When I wasn't slaving away at my day job (or my ridiculously-early-morning-job since I have to wake up at 4:30 a.m. everyday) these last few weeks, I have been hanging by thread and struggling to get a pig done I promised a co-worker many many maaaaany months ago. She requested a baroque style pattern in black and white, which I immediately thought "no problem!" and anticipated that it would be tons of fun doing, since I love painting flow-y floral-like designs, as it comes very natural to me. HOWEVER, I had no idea I'd have this much trouble trying to "freestyle" a baroque pattern. I freehand absolutely everything on my pigs with pencil first (after I have primed the pig), usually referencing 1 or 2 pictures just to get an idea of how to go about it, and I'm usually well on my way without any problems. But after many weeks of penciling and reducing erasers to nothing, I've realized that I stink at baroque motifs.
And don't get me wrong, I'm very familiar with baroque patterns, not to mention the Baroque era as well (I studied it quite extensively back in college.....*ahem* art history major), so I had a very clear idea of what I wanted to translate onto the pig. As you can see, I've started painting the first coat of the final color, but only because of sheer frustration of having to waste so much time penciling the design, since I'm not even done yet with the penciling stage. The key component to a baroque pattern is symmetry; everything on one side mirrors everything on the other. So I do a rough sketch of what might fit and if it does, I clean it up and make it a little darker.....although 90% of the time I ended up erasing whatever it was I had drawn because it didn't look quite right or I couldn't get it perfectly symmetrical (maybe I have a lazy eye and no one has told me??? Hence my apparent inability with drawing things symmetrical). The other HUGE problem that is driving me completely bananas was that a lot of what I was drawing ended up looking like it was more Art Nouveau than anything else. Thin and very organic vine-like looking curls kept creeping their way onto the piggy and I just couldn't get away from them. With baroque, I wanted to go for thick and heavier motifs that are very ornate, and lines that are constantly interrupted. The overall look is very regal, approaching it's shape like I'm doing a stylized chandelier. But unfortunately I just couldn't get it right, and for the sake of my other commissions that are getting pushed back further and further (sorry Tessa, Krysta, and Caitlin!), I just have go with what I've got and be happy with it.

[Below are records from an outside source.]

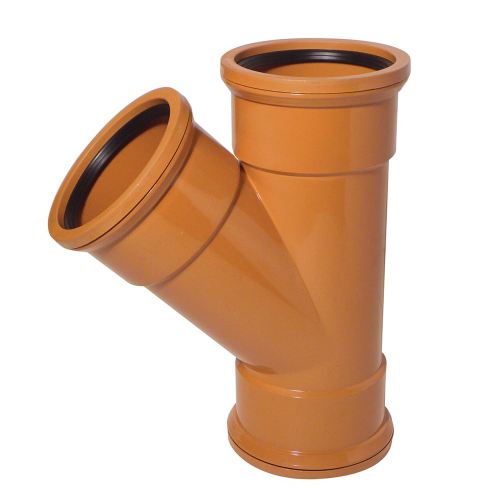 110mm x 110mm Terracotta Underground 45° Triple Socket
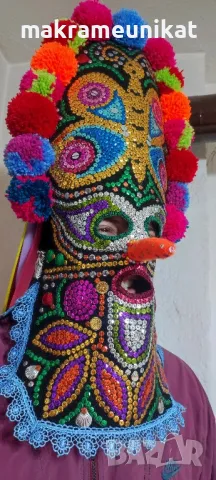 Продавам кукерска маска, гугла, уникат, Новодел, авторски модел, етно, Сурва, Кукерландия , снимка 5 - Колекции - 42314889
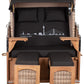 Strandkorb Mr. Deko Skyline Düne Bullaugen Teak PE shell 2 Sitzer Dessin Düsseldorf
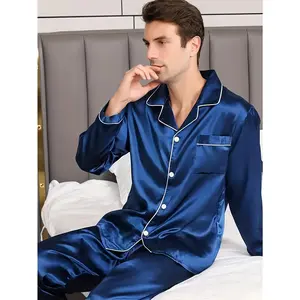 2pcs Men'S Pajamas With Multiple Colors To Choose From, Casual And Loose Fitting Home Wear, Lapel Collar, Long Sleeved Pants, High-end Moonlight, Men'S Pajamas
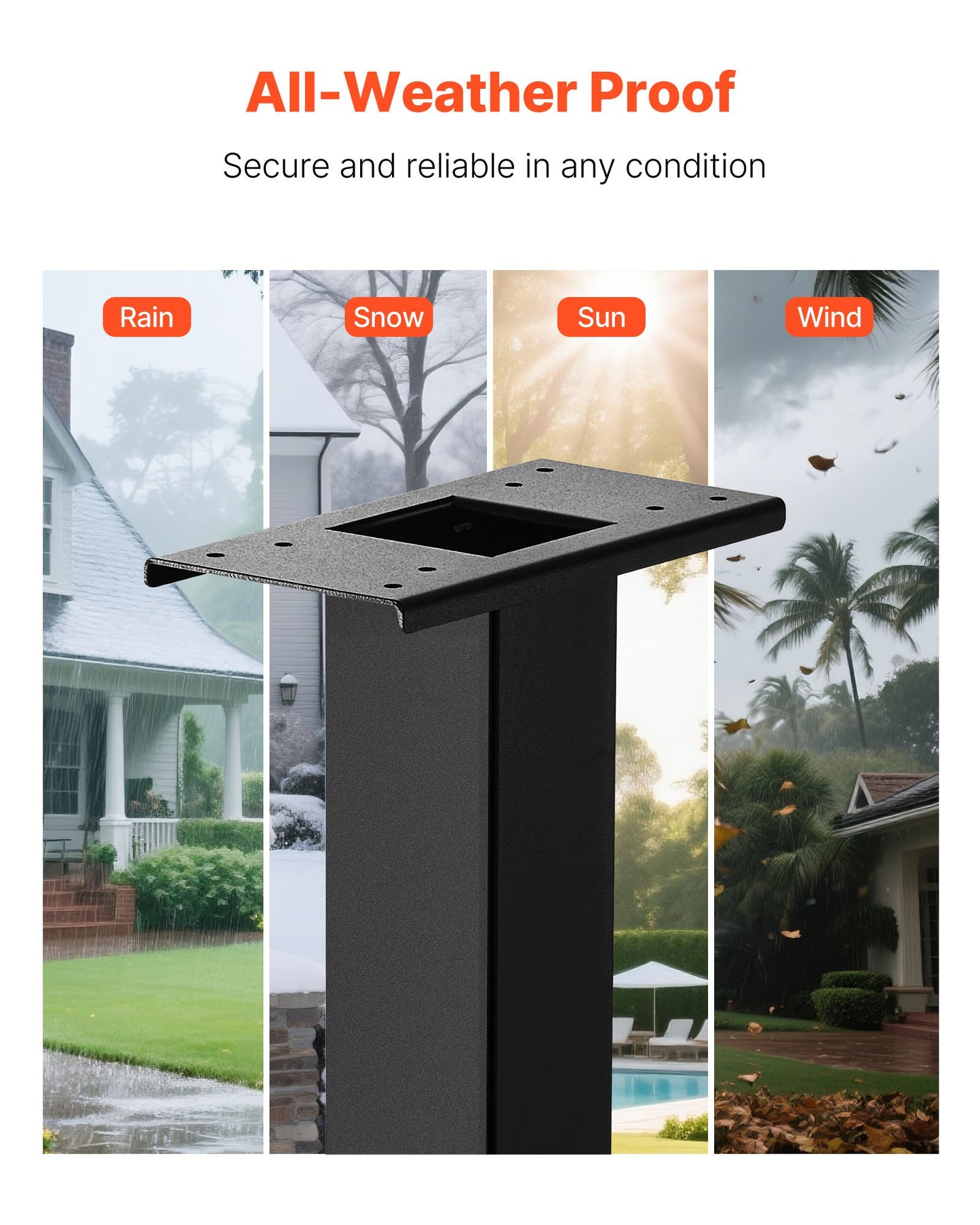Mailbox Post, 43 x 4 x 4 Inches, Steel In-Ground Mounting Mail Box Stand with Universal Plate Bracket, Heavy Duty Metal Post Sleeve Kit for Outside Curbside Residential Use, Powder Coated Black
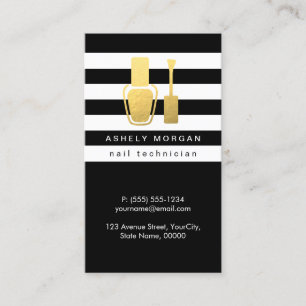 Nail Technician Gold Polish Bottle B&W Stripes Business Card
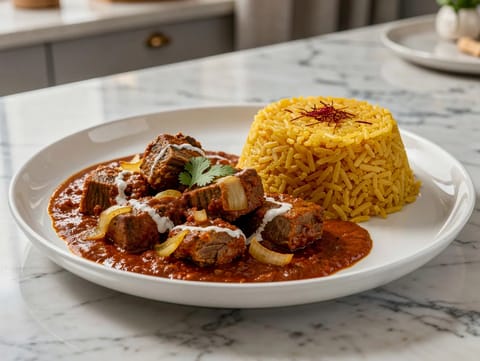 Rogan josh de cordero con arroz al azafrán Rogan josh de cordero con arroz al azafrán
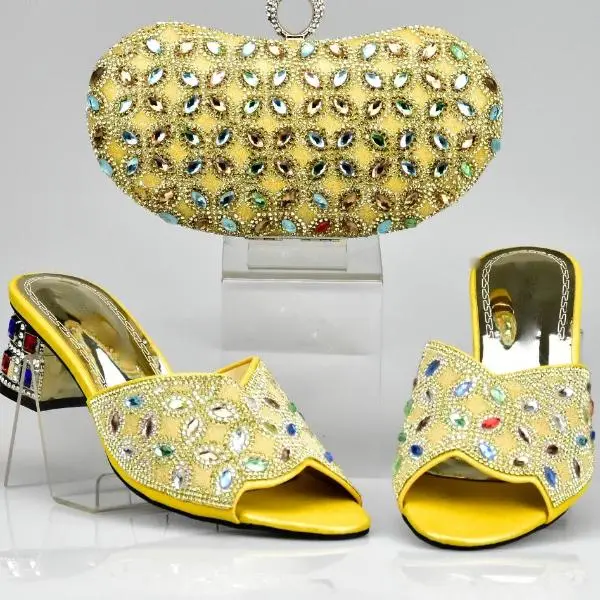 New Gold Color Latest Design Matching Italian Shoe And Bag Set 1
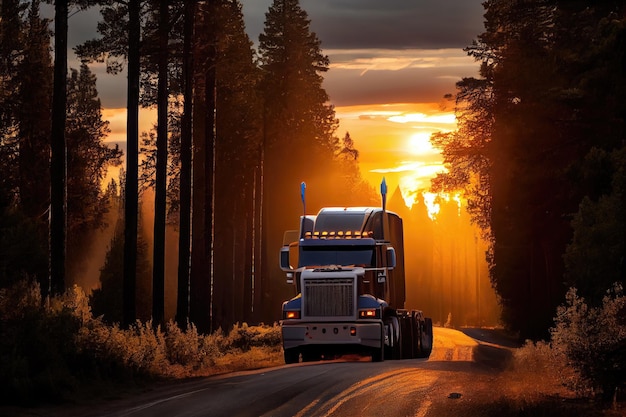 Foto lkw auf forststraße mit blick auf den sonnenuntergang im hintergrund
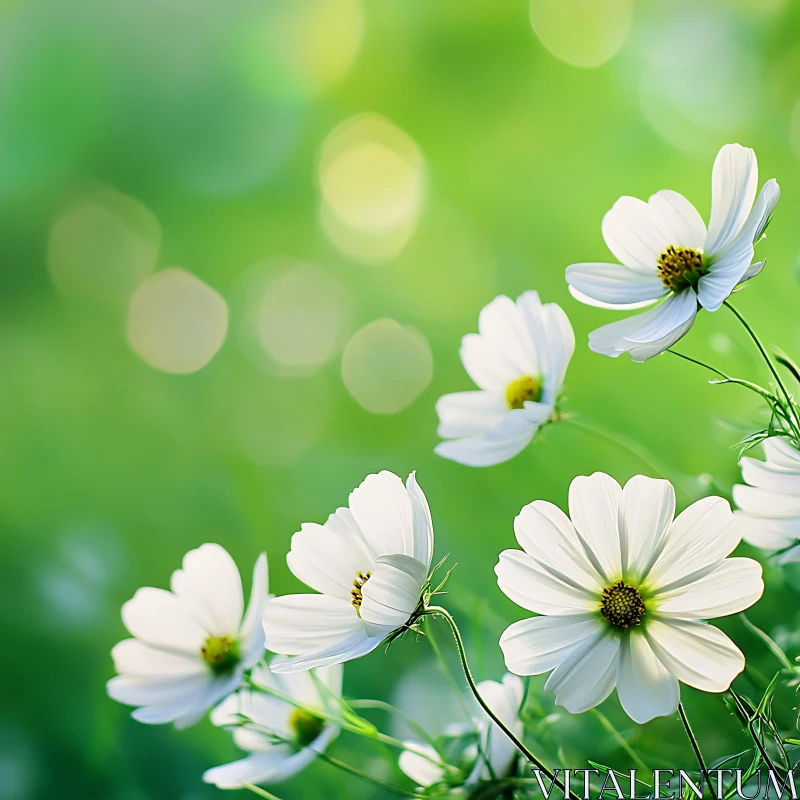 Serene White Blooms in Nature AI Image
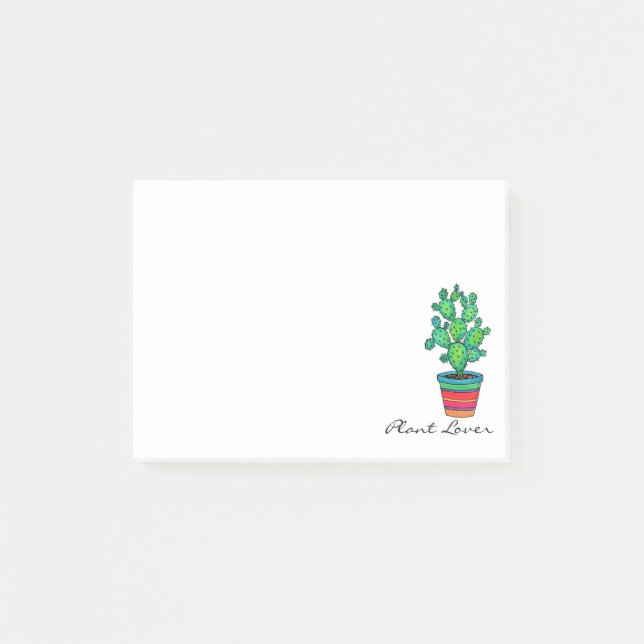 Post-it® Magnifique Cactus Aquarelle En Beau Pot (Devant)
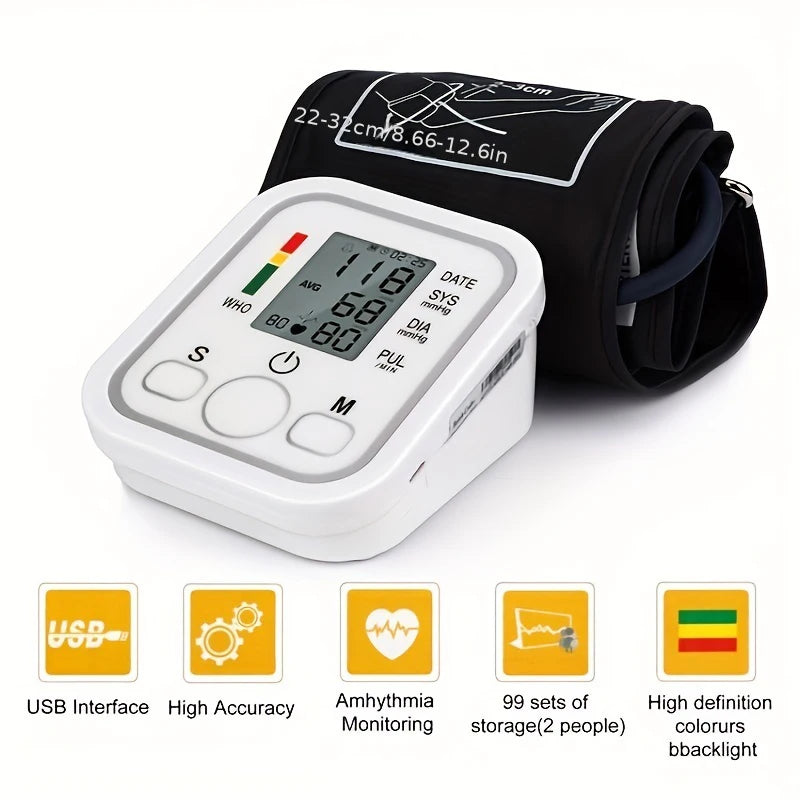 Digital Blood Pressure Monitor Equipment Automatic Professional Medical Portable Tonometer Digital Tensiometer Heart Rate Monit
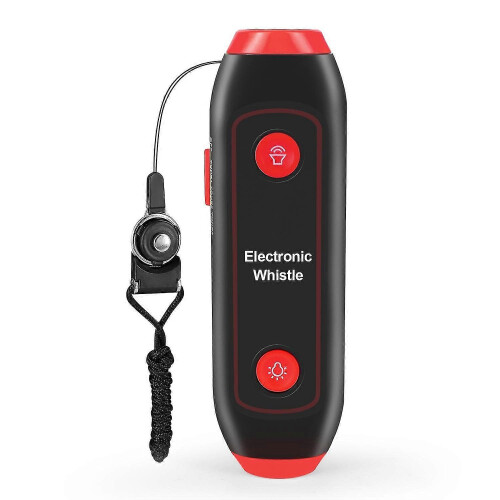 (Red) Electronic Handheld Whistle with Lanyard SOS Light & Flashlight for Coaches Referees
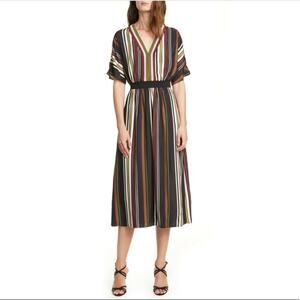 TED BAKER Women's Safiiya Burgundy Striped Short Sleeve V-Neck Midi Dress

What's even worse is that this pig has made me feel like I'm stuck in an artistic rut and it's hard for me to sit down and get some work done without flipping out and drawing mustaches on everything. Anybody out there have any encouraging words to help me out?
On a much happier note:
As a request I received from a nice young lady from Germany by the name of Jessie (http://www.freaktvblog.de), I have decided that my next papersculpt project will be accompanied by a comprehensive tutorial post featured on my blog, including everything you might need to create something of your own and a in depth look at my entire creative process! I'm excited to do this post because that means I get to do another papersculpt piece! I have a big list of ideas that I've wanted to create with paper, but which one to do.................you'll just have to wait and see! Thanks again Jessie!